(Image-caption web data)
[Start of Attachment]
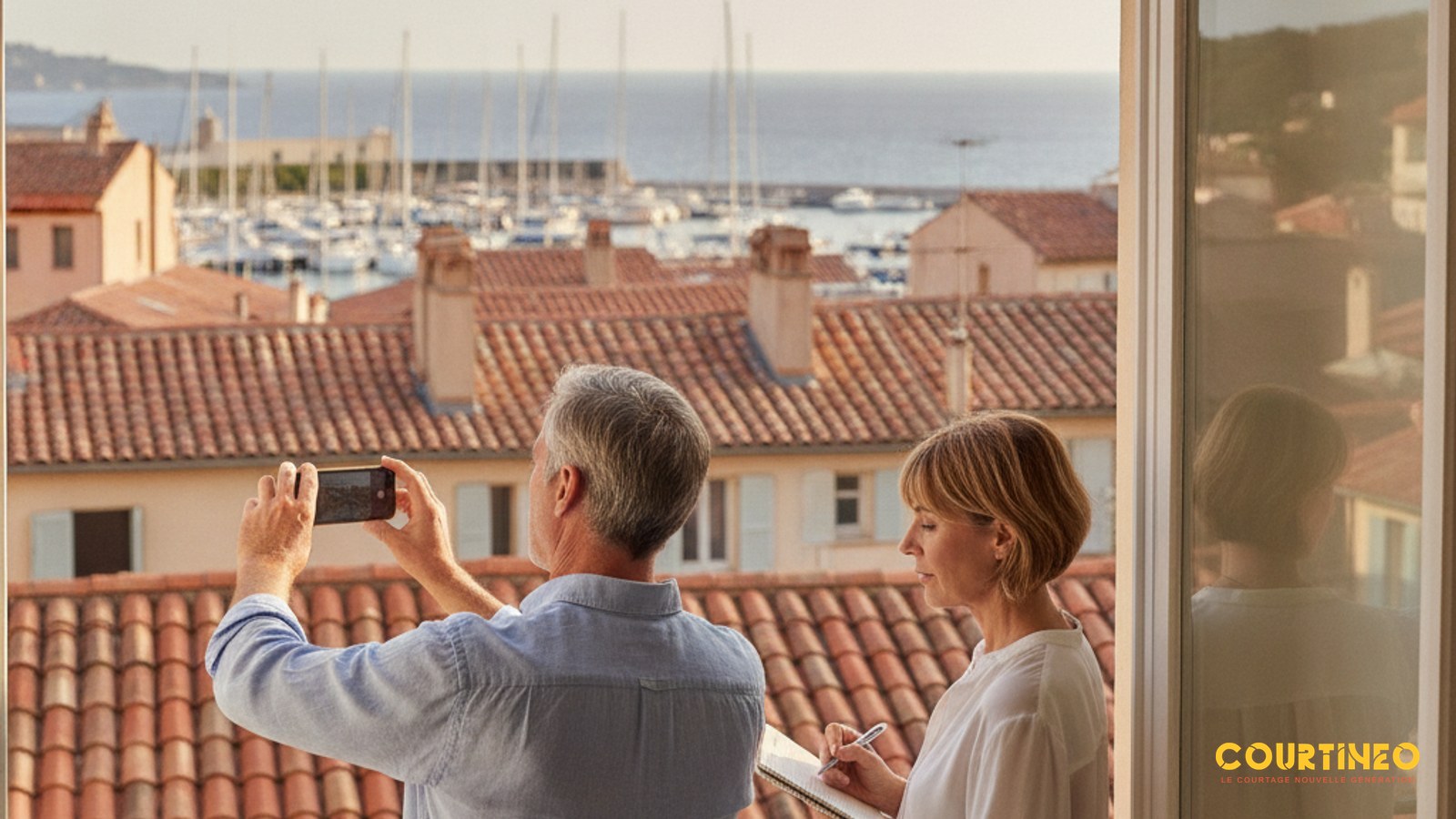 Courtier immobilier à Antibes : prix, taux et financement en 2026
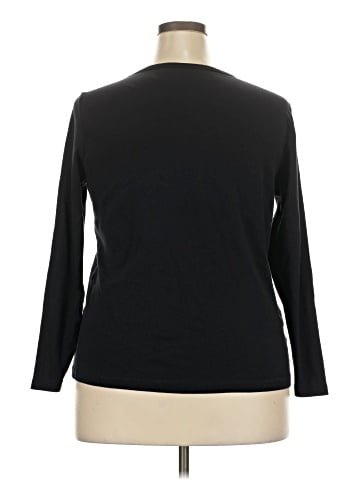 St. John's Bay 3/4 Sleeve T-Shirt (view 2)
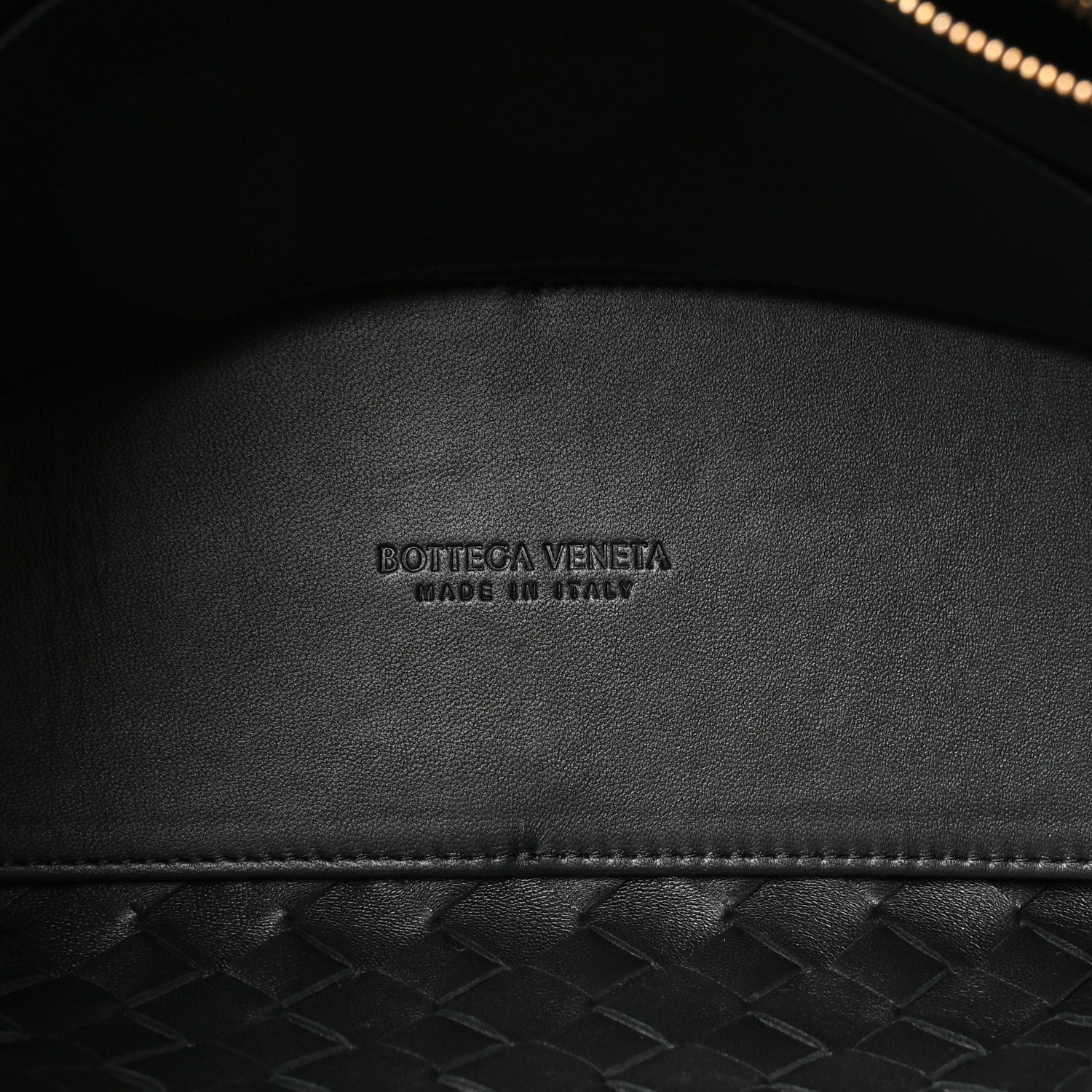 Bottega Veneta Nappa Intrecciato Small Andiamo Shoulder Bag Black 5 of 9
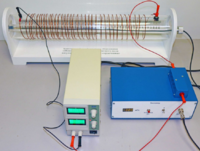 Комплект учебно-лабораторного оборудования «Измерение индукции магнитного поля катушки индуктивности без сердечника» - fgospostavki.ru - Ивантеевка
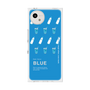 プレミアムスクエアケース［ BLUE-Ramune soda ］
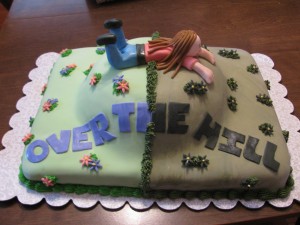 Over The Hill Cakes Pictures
[End of Attachment]
§ **Problem to solve**
The output must match, line for line, the span from the line containing "プレミアムスクエアケース［ BLUE-Ramune soda ］" through the end of the data, with the pictures removed.

§ **Worked solution**
 プレミアムスクエアケース［ BLUE-Ramune soda ］
 Over The Hill Cakes Pictures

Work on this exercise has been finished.